## [YOUR ASSIGNMENT]
Pictures stay out of the copy. Transcribe exactly the lines from the line with "Postel nebo postele" through the final line of the records.

## [DATA SHOWN]
[Start of Attachment]
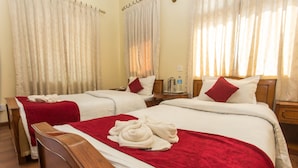 A hotel room with two beds, each with a red blanket and white pillows. There is a wooden headboard on the left bed, and a small table with a kettle and a bottle of water on the right. - Hotel Norbu Sangpo (Kathmandu)
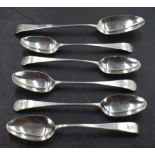 A group of five George III silver Old English pattern dessert spoons, each with Hanovarian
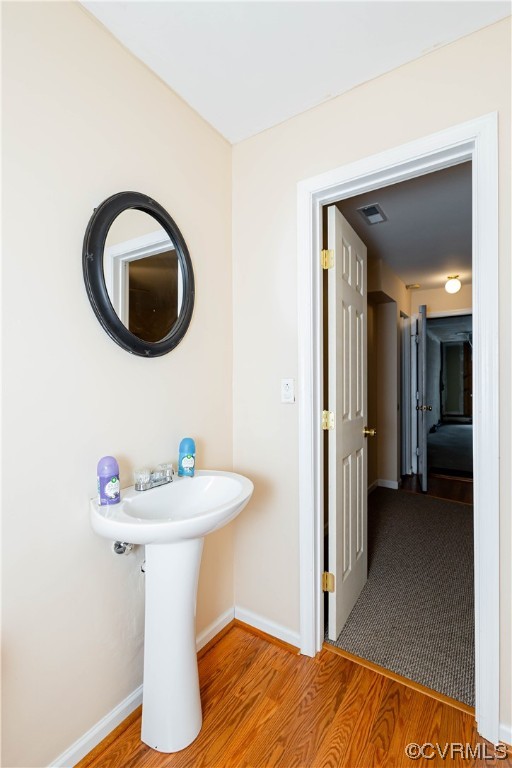 12904 Chipstead Road Chester, VA 23831 - Photo 26 of 50 a bathroom with a sink a mirror and toilet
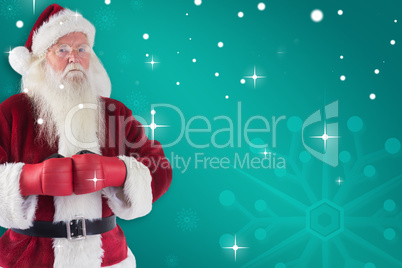 Composite image of santa claus wears boxing gloves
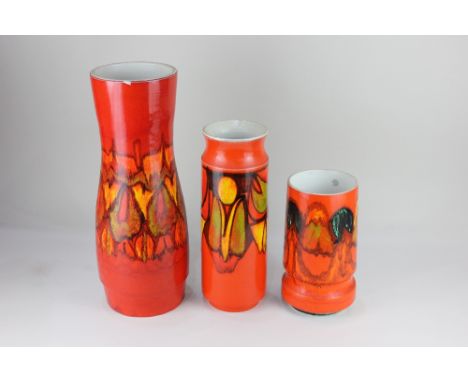 Three Poole pottery Delphis vases, with abstract decoration on orange ground, tallest 40.5cm high (a/f)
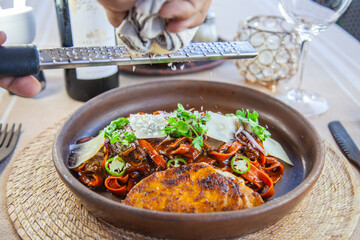 Pasta fresca hecha en casa teñida con puré de mix de chiles secos , con birria típica de Jalisco, acompañada de quesabirria, cebolla caramelizada, cilantro, chile serrano y queso nacional añejado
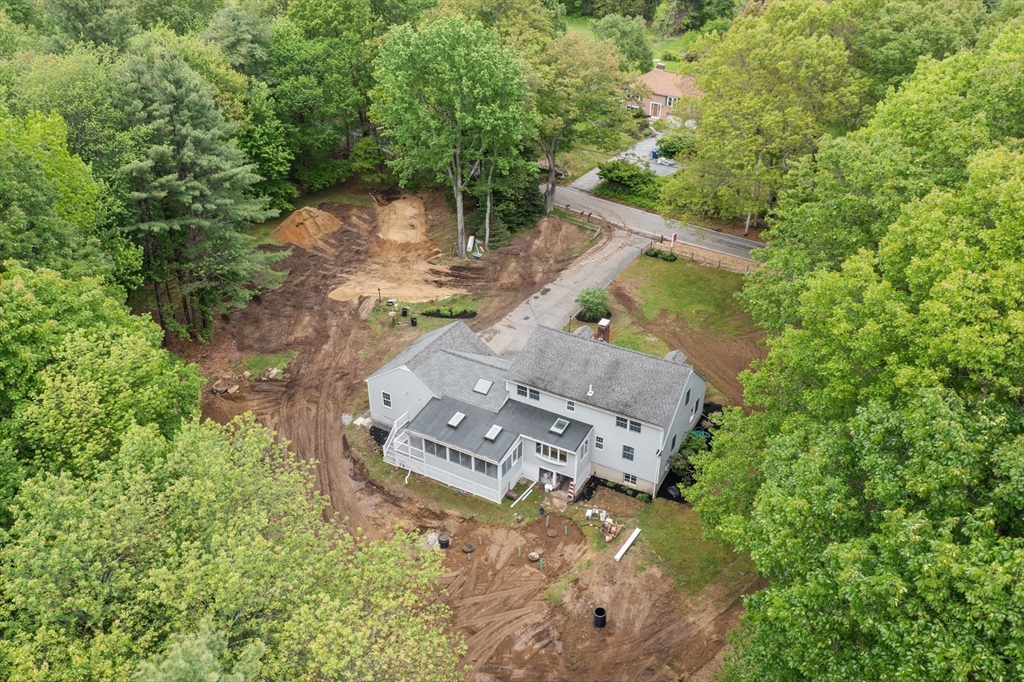 254 Taylor Road Stow, MA 01775 - Photo 4 of 42 an aerial view of a house with a yard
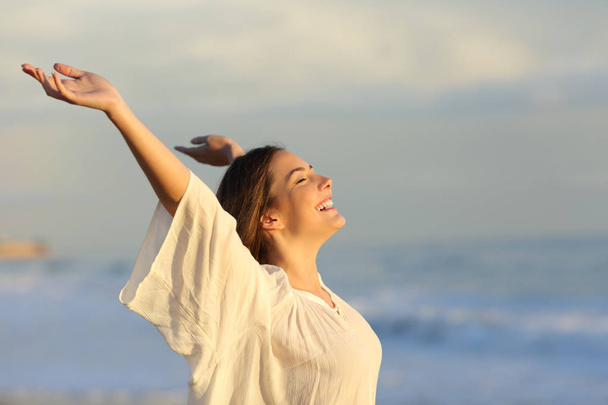 Joyful woman enjoying a day on the beach raising arms at sunset - 写真・画像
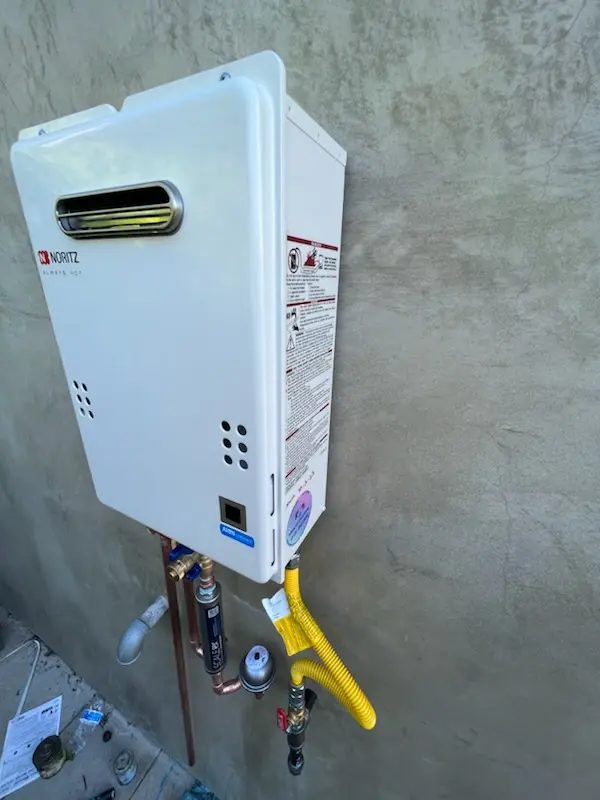 Tankless water heater installation for Breakers Row homes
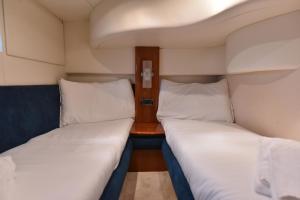 two beds in a small room with a table at Sailing 360 Night On Board Experience in Vila Nova de Gaia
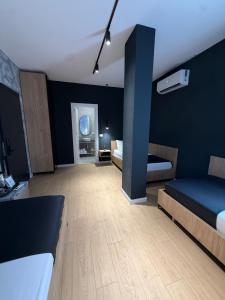 a bedroom with two beds and a blue wall at NOOR Boutique Hotel in Koplik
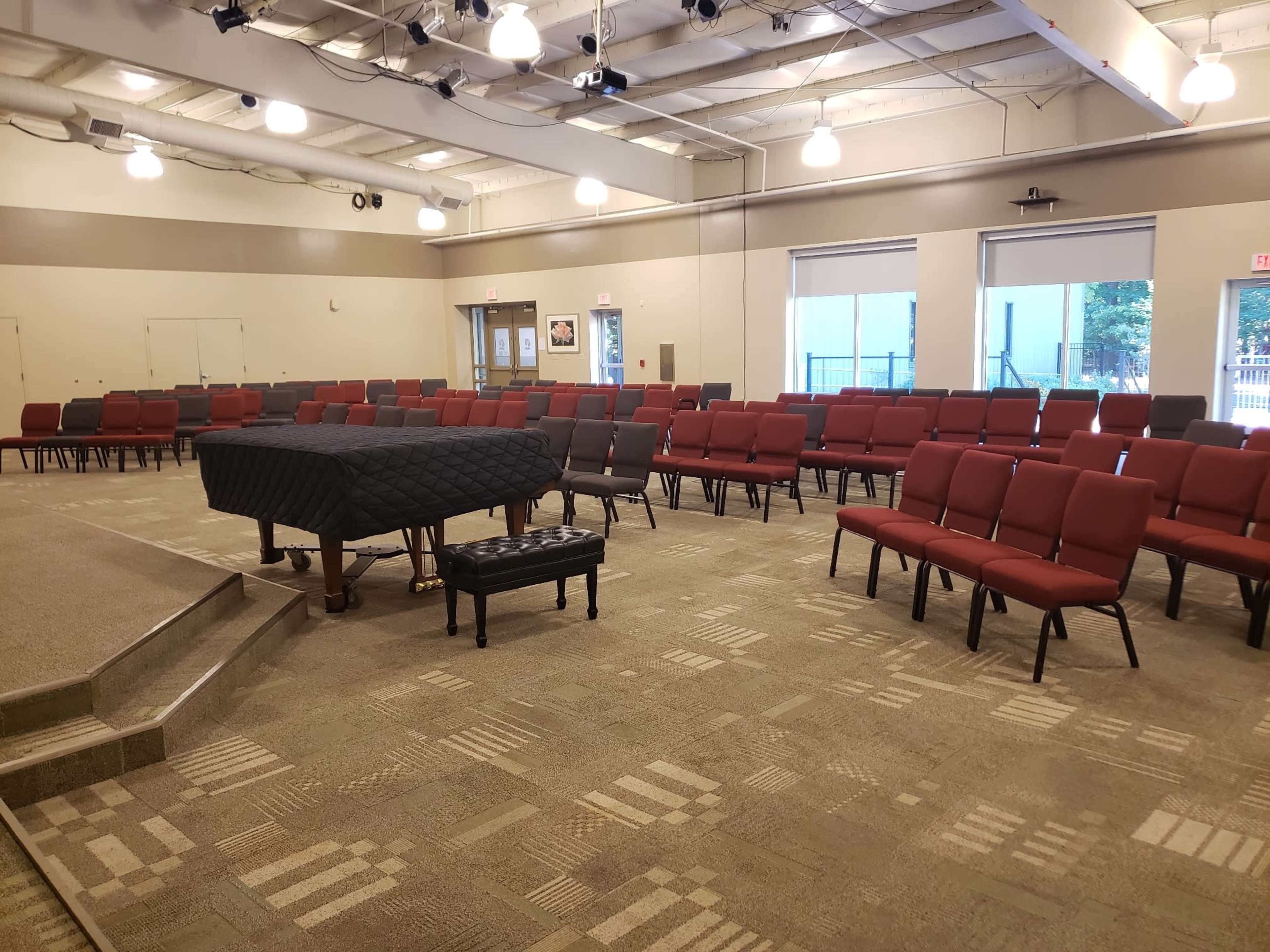 A room with red chairs arranged in rows facing a black grand piano on a stage, with natural light illuminating the space from large windows.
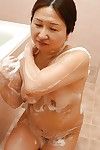 Chubby asian granny with saggy tits Miyoko Nagase taking bath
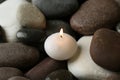 Small burning candle on spa stones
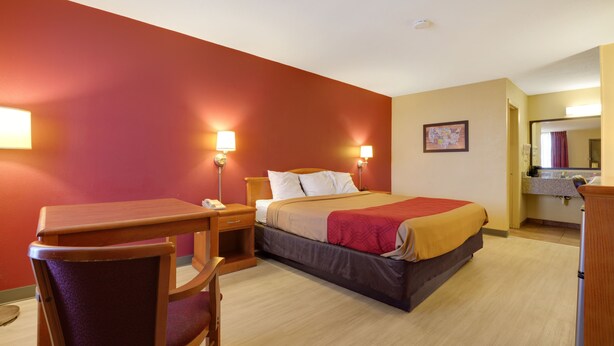 A hotel room with a bed, bedside tables, a desk, and a chair.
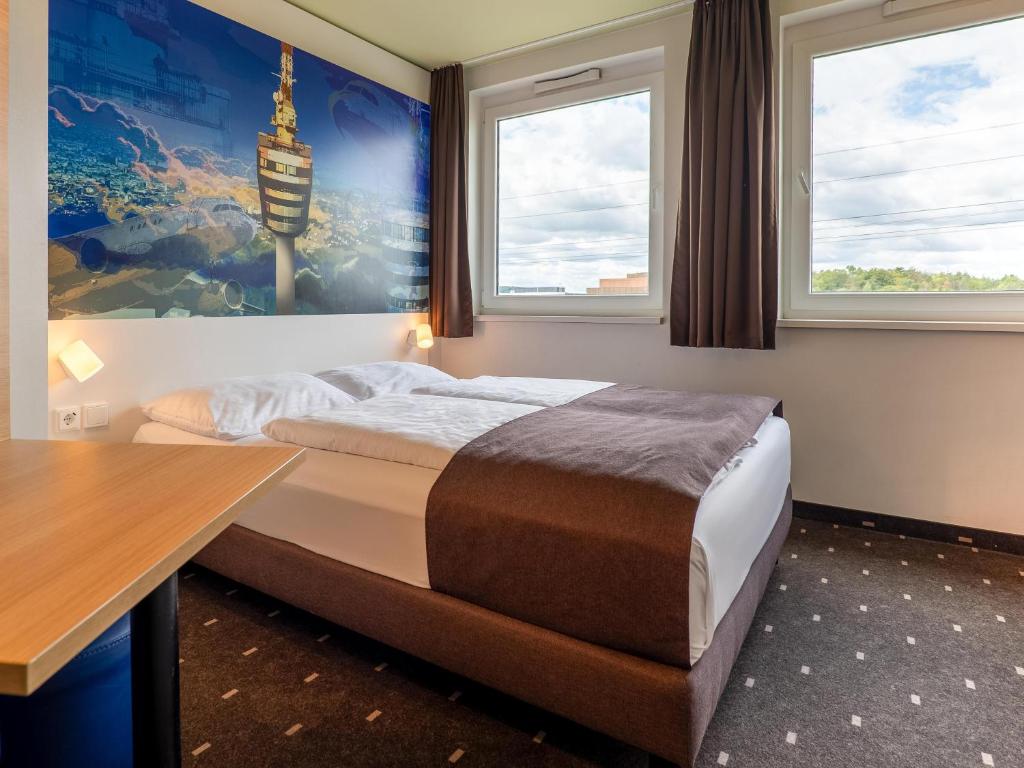 Postel nebo postele na pokoji v ubytování B&B Hotel Stuttgart-Airport/Messe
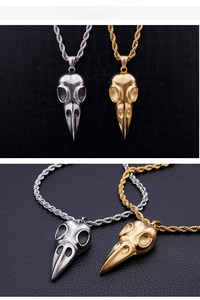 Macro detail of gothic stainless steel bird skull pendants in gold and silver finish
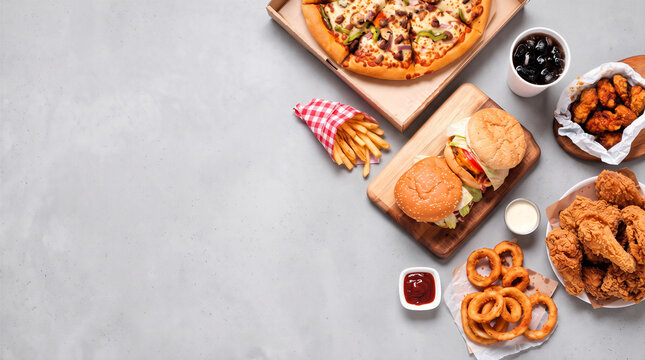 Assortment of fast food with pizza, burgers, fried chicken, and fries with copy space on grey table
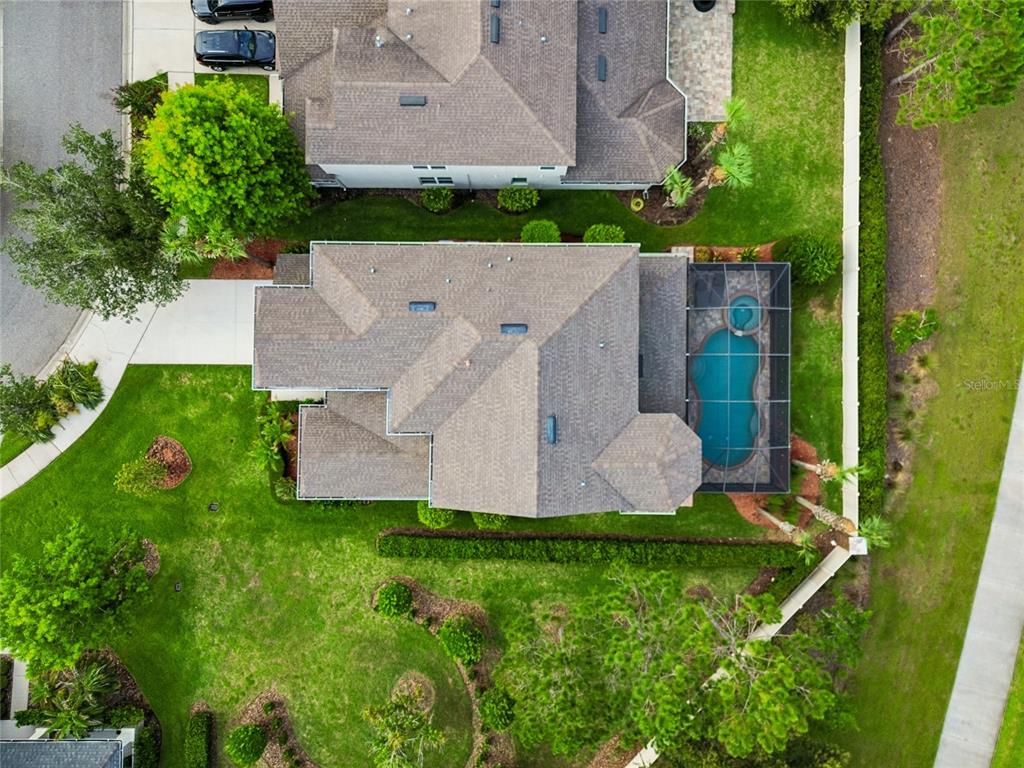 An aerial view shows a house with a shingled roof, pool enclosure, and landscaped yard — 9323 BELLA VITA CIRCLE, LAND O LAKES, FL
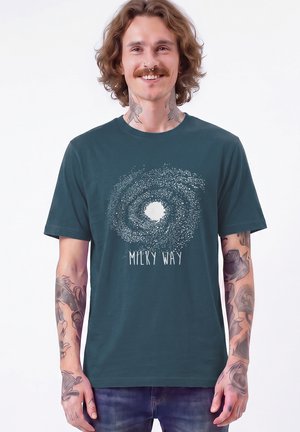Glimlachende man met schouderlang haar en tatoeages draagt een donker T-shirt met een witte Melkweg-galaxie afbeelding en tekst.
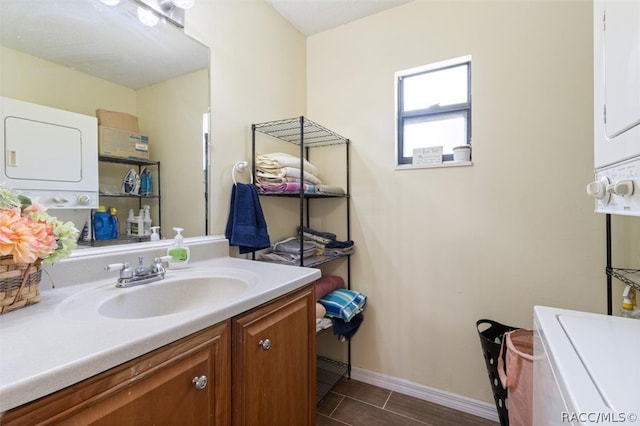 bathroom with vanity and stacked washer and dryer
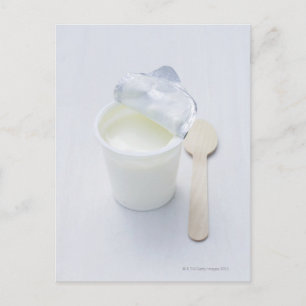 Yoghurt in opened disposable cup postcard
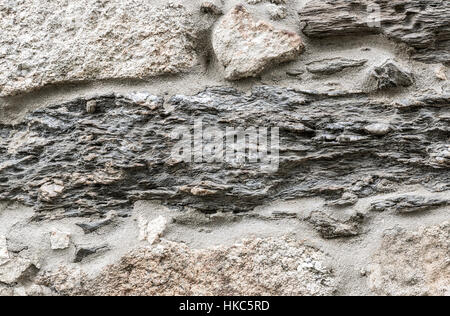 Natural gray pavement stone texture for floor, wall or path. Traditional fence, court, backyard or road paving. Stock Photo
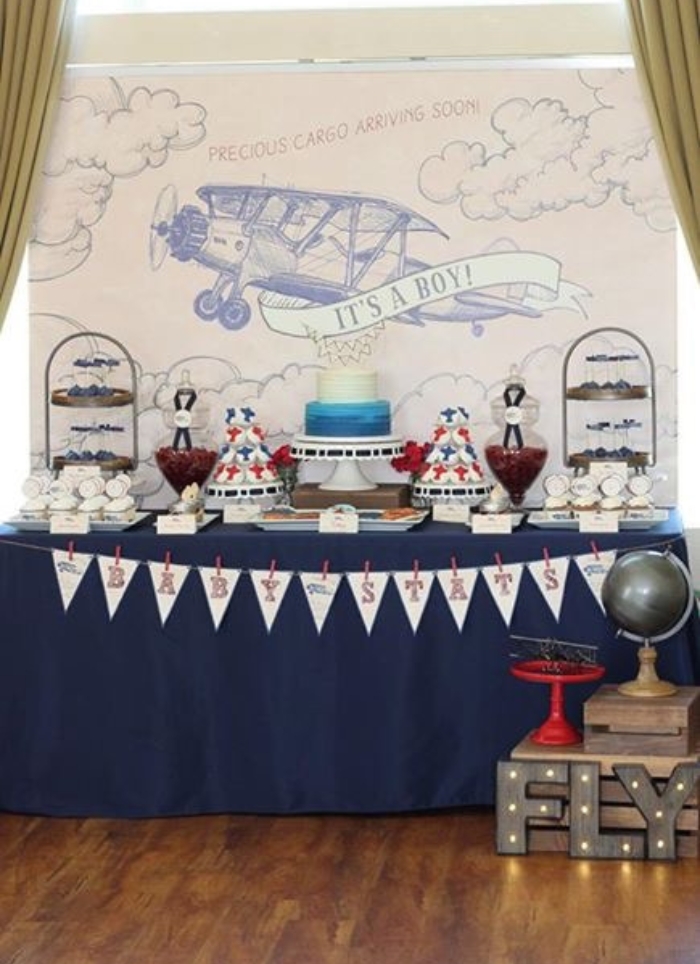 food table with it's a boy airplane theme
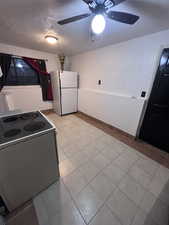 Kitchen featuring electric range oven, freestanding refrigerator, a textured ceiling, light tile patterned floors, and ceiling fan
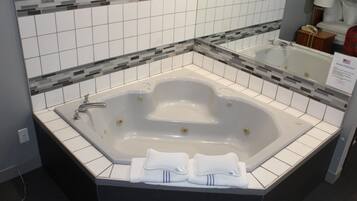 Una bañera independiente grande en un baño de hotel, con un salpicadero de azulejos y un espejo encima.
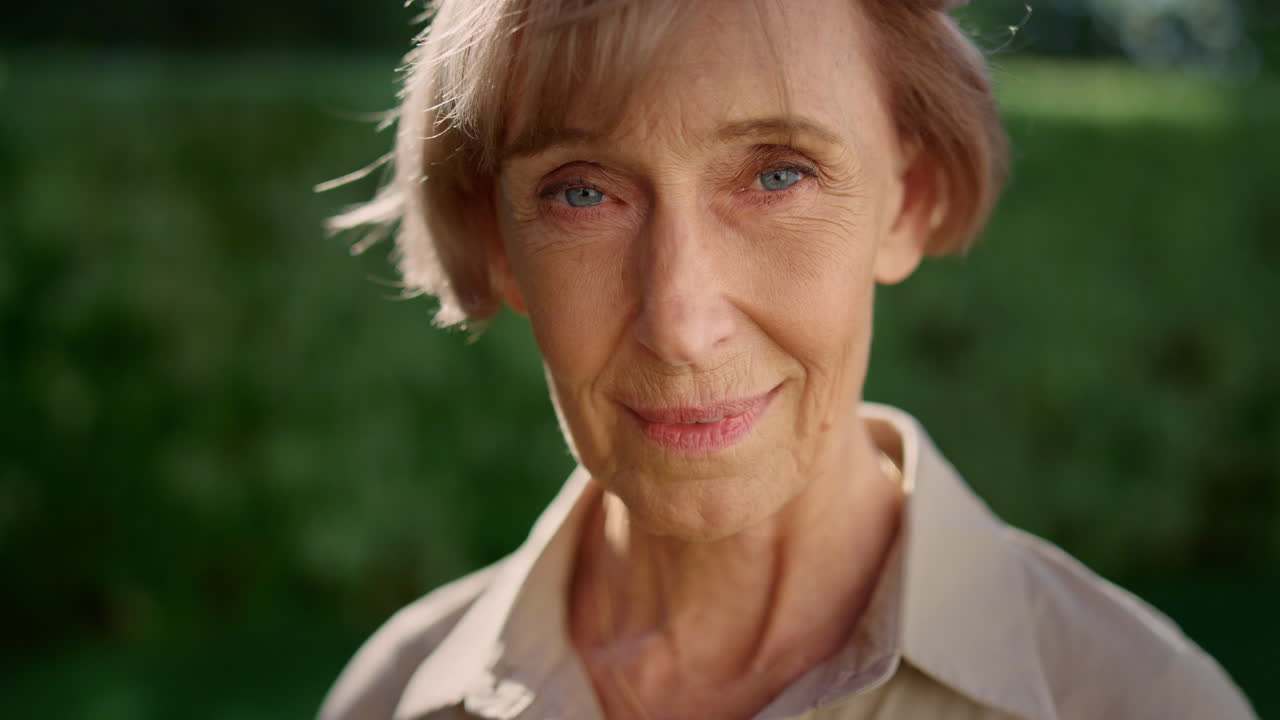 Smiling senior woman posing at camera in summer garden. Senior lady looking down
[End of Attachment]
## [PROBLEM SOLUTION]
 Postel nebo postele na pokoji v ubytování B&B Hotel Stuttgart-Airport/Messe
 Macro detail of gothic stainless steel bird skull pendants in gold and silver finish
 Assortment of fast food with pizza, burgers, fried chicken, and fries with copy space on grey table
 An aerial view shows a house with a shingled roof, pool enclosure, and landscaped yard — 9323 BELLA VITA CIRCLE, LAND O LAKES, FL
Glimlachende man met schouderlang haar en tatoeages draagt een donker T-shirt met een witte Melkweg-galaxie afbeelding en tekst.
 bathroom with vanity and stacked washer and dryer
 Yoghurt in opened disposable cup postcard
 Natural gray pavement stone texture for floor, wall or path. Traditional fence, court, backyard or road paving. Stock Photo
 food table with it's a boy airplane theme
 Kitchen featuring electric range oven, freestanding refrigerator, a textured ceiling, light tile patterned floors, and ceiling fan
 Una bañera independiente grande en un baño de hotel, con un salpicadero de azulejos y un espejo encima.
 Smiling senior woman posing at camera in summer garden. Senior lady looking down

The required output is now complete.